▶ **TASK PROMPT**
Return all the data verbatim but without images.
[[ DATA SHOWN, beginning ]]
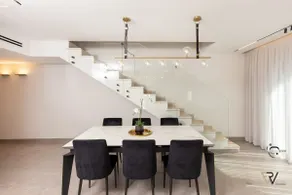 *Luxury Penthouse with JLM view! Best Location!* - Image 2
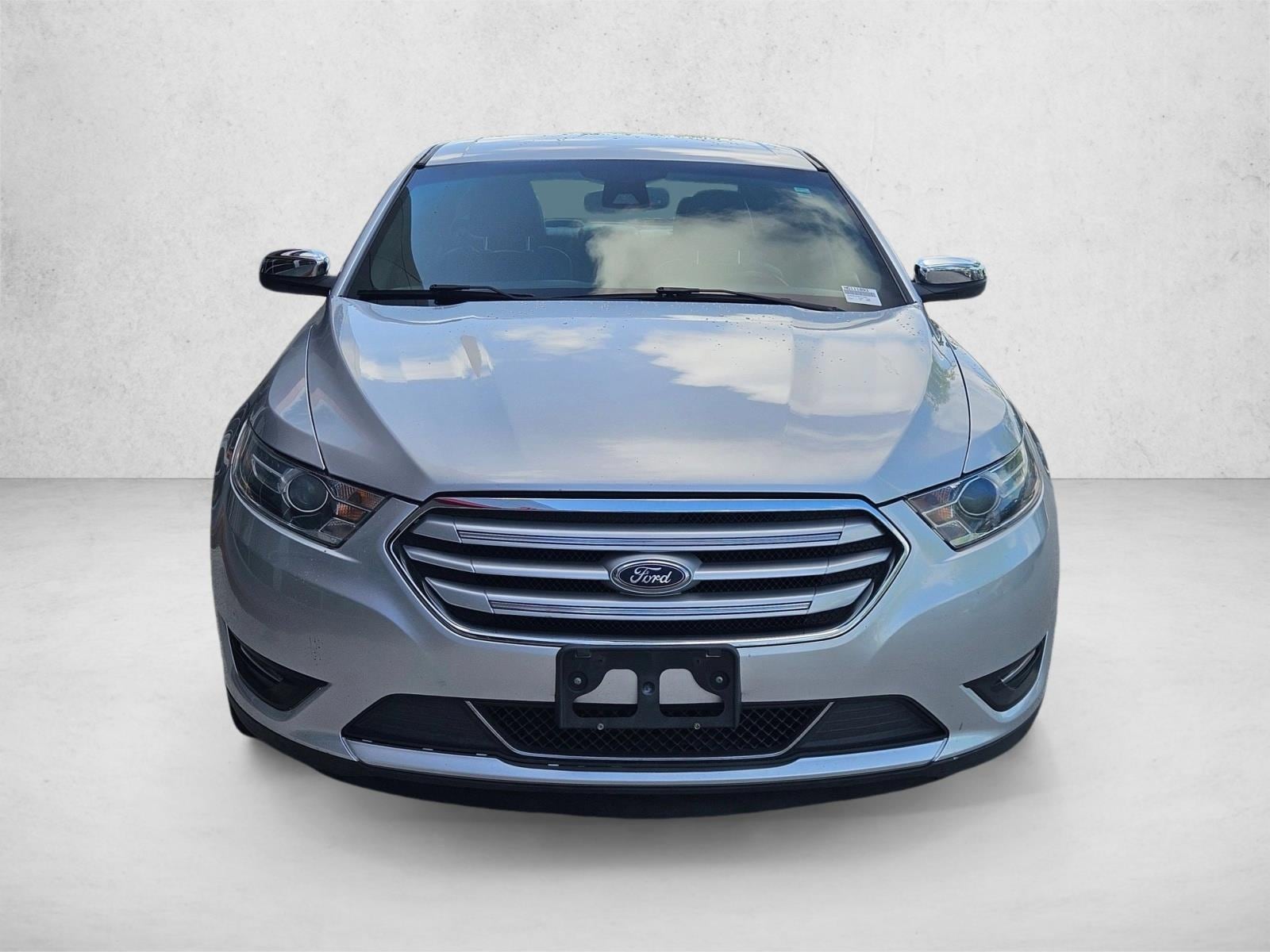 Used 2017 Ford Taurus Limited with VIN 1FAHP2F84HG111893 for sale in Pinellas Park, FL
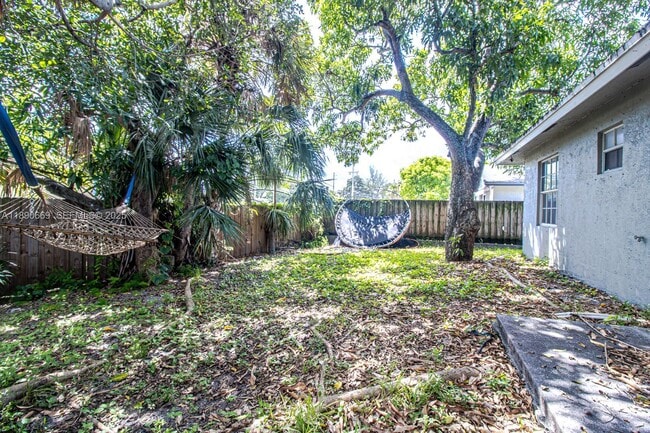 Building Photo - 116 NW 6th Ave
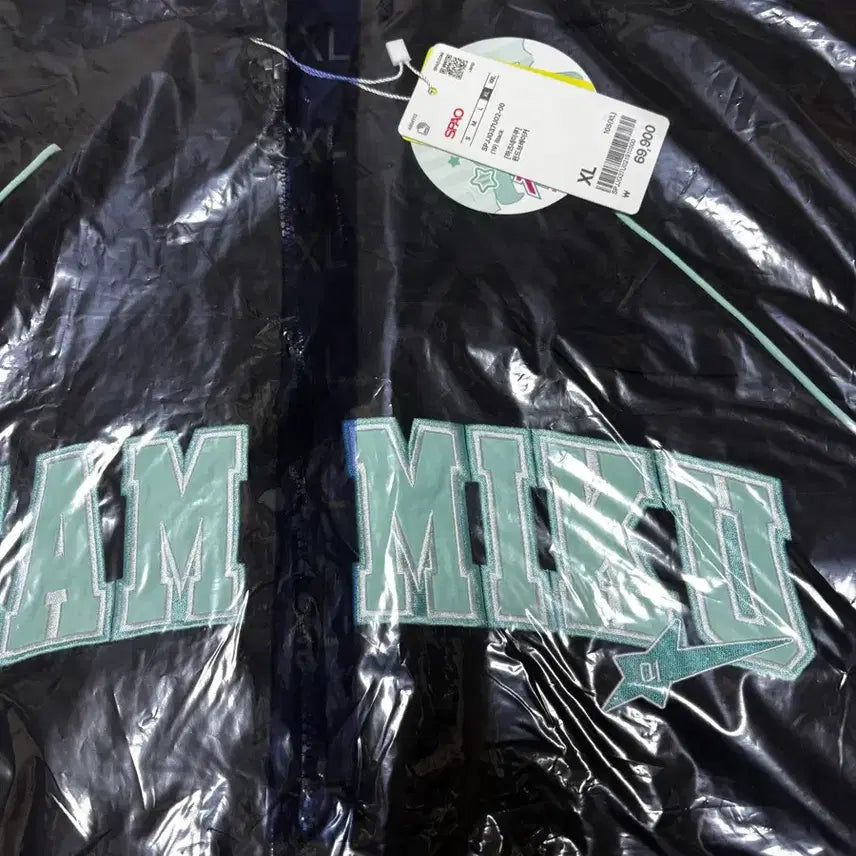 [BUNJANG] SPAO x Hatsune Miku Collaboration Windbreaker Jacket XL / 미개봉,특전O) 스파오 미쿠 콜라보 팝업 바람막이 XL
[[ DATA SHOWN, end ]]
▶ **YOUR RESPONSE**
 *Luxury Penthouse with JLM view! Best Location!* - Image 2
 Used 2017 Ford Taurus Limited with VIN 1FAHP2F84HG111893 for sale in Pinellas Park, FL
 Building Photo - 116 NW 6th Ave
 [BUNJANG] SPAO x Hatsune Miku Collaboration Windbreaker Jacket XL / 미개봉,특전O) 스파오 미쿠 콜라보 팝업 바람막이 XL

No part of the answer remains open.